= Philosophical sin =

Theological concept

The existence of philosophical sin, also called moral sin, was a debate waged in the Catholic Church in the late seventeenth century. A philosophical sin is a morally bad act which violates the natural order of reason, not the divine law. The idea of philosophical sin, as opposed to theological sin, was advocated by those who wished to construct a moral system independent of God. It has been censured and opposed as a doctrine by the Catholic Church since the 17th century.

== Stances ==

Those who believed in God and divine law yet contended for a distinction between philosophical and theological sin maintained that there are morally bad acts that, while violating the order of reason, are not offensive to God. They believed that the sinner can be ignorant of the existence of God and that, without the knowledge or consideration of God, it is impossible to offend him.

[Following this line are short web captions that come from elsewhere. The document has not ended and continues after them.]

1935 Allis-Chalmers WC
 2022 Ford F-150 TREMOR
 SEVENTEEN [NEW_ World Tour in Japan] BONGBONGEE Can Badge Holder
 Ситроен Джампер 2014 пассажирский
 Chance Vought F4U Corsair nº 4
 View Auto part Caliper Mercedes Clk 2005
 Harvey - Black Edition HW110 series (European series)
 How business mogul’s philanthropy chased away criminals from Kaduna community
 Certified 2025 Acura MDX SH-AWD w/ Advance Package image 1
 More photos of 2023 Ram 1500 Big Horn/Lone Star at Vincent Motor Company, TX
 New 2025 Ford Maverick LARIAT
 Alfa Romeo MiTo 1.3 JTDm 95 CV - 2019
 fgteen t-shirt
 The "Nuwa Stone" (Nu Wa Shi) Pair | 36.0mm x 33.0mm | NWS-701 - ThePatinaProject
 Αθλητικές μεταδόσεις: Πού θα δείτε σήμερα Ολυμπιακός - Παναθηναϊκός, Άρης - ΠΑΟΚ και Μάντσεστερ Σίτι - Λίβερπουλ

This doctrine of philosophical sin was censured as scandalous, temerarious, and erroneous by Pope Alexander VIII in 1690 in his condemnation of the following proposition:

Philosophical or moral sin is a human act not in agreement with rational nature and right reason; theological and mortal sin is a free transgression of the Divine law. However grievous it may be, philosophical sin in one who is either ignorant of God or does not actually think of God, is indeed a grievous sin, but not an offense to God, nor a mortal sin dissolving friendship with God, nor worthy of eternal punishment.

The Catholic Church maintains the contrary view that sin can be offensive to God even if the sinner either does not know or does not consider God.